# Krone Kr125



## TheFastMan (Sep 3, 2011)

I'm about ready to be buying a round baler here soon; I just paid off some stuff this morning. The local NH dealer has a used Kr125 on their lot that I'm interested in. Its one of the older red and white ones with the net wrap option and manual tie. I stopped and looked at it real quick and it looks to be in about average shape. I was wondering approximately what the bale weight is on these? Also, what specifically should I look for when looking it over? Do they have any common issues? Thanks!


----------



## Mike120 (May 4, 2009)

I've got an old Krone KR 250 that makes a little bit bigger bale. If I remember right the KR 125 makes a 4 X 4 bale. I don't do many rounds but I like it because it will roll up pretty much anything. Density of the bale depends on how many horses you put in front of it and it will make a decent bale with a 50 hp tractor. I would expect your bales to weigh in the 600-650 range, but that's a guess. Look on top around the hinge for rusting if it's been left outside, the bearings on the chain slats, and the chains. Sorry, I don't know anything about the netwrap on that machine. Other than that, they are pretty much bullet proof.


----------



## TheFastMan (Sep 3, 2011)

Thanks!
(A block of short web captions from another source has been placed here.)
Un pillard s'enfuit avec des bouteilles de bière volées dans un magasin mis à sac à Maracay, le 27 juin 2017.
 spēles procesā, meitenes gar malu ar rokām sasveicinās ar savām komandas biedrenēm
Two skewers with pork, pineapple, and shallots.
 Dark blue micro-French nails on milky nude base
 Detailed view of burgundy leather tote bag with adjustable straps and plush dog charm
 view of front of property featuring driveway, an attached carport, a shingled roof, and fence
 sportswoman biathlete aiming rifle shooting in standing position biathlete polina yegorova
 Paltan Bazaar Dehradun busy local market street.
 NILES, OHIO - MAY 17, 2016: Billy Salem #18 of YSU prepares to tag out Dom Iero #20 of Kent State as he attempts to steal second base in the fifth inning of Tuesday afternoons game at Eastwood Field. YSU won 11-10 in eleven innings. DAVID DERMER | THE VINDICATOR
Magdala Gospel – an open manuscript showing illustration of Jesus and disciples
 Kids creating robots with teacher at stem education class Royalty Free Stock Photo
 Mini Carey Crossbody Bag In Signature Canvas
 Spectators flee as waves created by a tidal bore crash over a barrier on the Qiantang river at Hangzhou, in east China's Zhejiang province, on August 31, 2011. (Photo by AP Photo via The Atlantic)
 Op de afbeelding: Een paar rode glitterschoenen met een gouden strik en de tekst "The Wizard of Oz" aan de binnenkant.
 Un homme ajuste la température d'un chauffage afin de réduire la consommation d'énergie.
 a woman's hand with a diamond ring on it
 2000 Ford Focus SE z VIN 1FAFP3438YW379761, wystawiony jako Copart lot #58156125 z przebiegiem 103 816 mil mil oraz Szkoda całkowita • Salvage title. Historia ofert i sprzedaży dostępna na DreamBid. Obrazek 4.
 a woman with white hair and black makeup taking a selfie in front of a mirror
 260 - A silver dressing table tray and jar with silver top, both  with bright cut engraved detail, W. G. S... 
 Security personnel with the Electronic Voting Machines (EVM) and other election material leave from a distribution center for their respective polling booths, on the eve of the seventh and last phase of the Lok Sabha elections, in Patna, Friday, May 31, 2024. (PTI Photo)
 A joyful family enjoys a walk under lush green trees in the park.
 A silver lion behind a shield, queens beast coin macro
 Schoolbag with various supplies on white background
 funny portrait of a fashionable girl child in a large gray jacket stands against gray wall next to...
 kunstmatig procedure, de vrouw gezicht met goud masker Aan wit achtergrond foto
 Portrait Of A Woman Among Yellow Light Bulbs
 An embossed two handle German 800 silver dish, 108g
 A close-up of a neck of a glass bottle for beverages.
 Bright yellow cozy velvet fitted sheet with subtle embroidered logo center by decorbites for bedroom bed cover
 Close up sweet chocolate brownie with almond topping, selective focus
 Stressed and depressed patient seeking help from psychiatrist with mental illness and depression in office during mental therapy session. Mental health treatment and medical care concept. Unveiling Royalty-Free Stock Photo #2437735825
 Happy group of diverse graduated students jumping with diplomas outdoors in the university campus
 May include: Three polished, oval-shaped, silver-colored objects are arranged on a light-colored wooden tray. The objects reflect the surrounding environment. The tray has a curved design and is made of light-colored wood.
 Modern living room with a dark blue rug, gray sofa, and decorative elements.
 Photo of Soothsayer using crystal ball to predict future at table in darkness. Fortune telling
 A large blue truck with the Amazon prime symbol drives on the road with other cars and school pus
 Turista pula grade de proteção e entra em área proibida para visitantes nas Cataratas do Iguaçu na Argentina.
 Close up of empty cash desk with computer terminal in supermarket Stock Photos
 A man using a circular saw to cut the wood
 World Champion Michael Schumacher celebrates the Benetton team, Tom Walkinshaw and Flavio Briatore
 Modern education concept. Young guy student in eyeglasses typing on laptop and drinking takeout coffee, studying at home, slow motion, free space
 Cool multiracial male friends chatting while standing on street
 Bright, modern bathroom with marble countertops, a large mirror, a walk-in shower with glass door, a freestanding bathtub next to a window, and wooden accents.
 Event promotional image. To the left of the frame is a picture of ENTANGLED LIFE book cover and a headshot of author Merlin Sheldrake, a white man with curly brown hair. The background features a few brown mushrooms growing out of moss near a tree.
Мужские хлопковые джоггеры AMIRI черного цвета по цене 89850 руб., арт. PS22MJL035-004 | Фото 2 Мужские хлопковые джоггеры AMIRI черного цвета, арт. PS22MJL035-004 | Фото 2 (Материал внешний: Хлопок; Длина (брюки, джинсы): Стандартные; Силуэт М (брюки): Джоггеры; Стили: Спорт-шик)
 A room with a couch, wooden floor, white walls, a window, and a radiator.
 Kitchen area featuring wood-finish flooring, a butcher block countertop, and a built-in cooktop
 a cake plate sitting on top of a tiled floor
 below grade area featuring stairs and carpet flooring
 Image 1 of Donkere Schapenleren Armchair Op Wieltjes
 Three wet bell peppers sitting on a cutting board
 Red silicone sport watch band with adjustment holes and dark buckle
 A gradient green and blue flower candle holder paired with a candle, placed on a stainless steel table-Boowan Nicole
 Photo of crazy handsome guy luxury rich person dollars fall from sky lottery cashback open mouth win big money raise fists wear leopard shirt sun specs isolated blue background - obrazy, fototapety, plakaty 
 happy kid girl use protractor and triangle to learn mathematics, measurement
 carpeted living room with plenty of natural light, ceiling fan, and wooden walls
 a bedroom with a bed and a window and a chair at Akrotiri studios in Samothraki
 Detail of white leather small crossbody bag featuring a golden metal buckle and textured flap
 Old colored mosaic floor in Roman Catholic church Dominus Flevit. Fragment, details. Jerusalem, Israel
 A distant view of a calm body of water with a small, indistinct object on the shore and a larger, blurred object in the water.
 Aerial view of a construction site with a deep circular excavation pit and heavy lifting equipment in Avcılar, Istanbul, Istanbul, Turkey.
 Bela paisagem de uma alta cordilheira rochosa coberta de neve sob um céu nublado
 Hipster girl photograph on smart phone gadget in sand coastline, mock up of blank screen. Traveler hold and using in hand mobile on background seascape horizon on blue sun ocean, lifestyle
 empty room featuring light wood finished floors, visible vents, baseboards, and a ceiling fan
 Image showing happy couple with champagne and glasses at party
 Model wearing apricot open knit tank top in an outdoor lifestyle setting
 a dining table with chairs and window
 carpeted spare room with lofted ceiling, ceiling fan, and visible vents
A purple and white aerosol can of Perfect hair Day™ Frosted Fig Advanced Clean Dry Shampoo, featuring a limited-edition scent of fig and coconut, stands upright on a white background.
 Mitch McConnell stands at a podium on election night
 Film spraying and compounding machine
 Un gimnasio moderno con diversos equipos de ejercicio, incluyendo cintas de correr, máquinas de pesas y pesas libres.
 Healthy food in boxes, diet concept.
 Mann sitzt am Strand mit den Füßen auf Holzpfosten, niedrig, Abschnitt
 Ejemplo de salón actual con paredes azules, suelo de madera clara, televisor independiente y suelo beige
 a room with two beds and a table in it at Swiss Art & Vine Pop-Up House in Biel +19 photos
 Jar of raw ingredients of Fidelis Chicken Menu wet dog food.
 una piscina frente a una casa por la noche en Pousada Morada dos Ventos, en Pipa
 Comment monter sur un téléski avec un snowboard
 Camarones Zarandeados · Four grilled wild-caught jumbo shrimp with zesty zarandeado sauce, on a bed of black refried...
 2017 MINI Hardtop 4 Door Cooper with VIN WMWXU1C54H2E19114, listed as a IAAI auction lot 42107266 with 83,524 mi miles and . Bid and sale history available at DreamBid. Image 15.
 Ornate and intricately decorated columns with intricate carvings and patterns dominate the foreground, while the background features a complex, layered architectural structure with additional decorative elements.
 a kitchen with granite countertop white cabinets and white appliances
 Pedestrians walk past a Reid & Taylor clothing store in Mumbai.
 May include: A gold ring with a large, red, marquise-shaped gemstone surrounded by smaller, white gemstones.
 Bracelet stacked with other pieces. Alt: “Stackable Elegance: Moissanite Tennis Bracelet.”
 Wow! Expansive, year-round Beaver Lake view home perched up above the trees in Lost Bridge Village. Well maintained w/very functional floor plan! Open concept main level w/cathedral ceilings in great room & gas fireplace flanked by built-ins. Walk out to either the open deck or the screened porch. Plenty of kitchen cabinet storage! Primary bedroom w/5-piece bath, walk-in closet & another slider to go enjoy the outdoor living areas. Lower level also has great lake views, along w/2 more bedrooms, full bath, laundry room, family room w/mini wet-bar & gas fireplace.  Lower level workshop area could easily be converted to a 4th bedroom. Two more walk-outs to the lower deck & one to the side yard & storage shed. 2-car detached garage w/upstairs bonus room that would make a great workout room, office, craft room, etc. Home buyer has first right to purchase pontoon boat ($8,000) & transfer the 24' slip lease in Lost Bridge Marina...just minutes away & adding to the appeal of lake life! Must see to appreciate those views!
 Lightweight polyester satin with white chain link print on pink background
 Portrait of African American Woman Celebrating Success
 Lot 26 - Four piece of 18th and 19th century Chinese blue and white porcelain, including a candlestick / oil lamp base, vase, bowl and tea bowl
It has been left outside at the dealer for probably more than a year now, so I'll check those out. Is net wrap pretty universal? I mean, can I just buy it from the NH dealer or is there some special rolls for Krone? I have a 48 PTO HP tractor I'll be running it with, but have about a 38 engine HP tractor for backup. Krone lists 34 PTO HP minimum for this baler. It looks like it has hydraulic lift on the pickup and a single acting cylinder for the gate which runs through a three-way valve. Kind of an interesting setup, but it looks like this baler has everything I've been looking for in one. Maybe I'll go pester the sales guys on Tuesday.


----------



## Blue Duck (Jun 4, 2009)

My KR160 can use the regular 6200 ft rolls. The diameter on the 9800 ft rolls is to big and hits the bottom of the twine box. I have been happy with my baler but I would like a heavier bale.


----------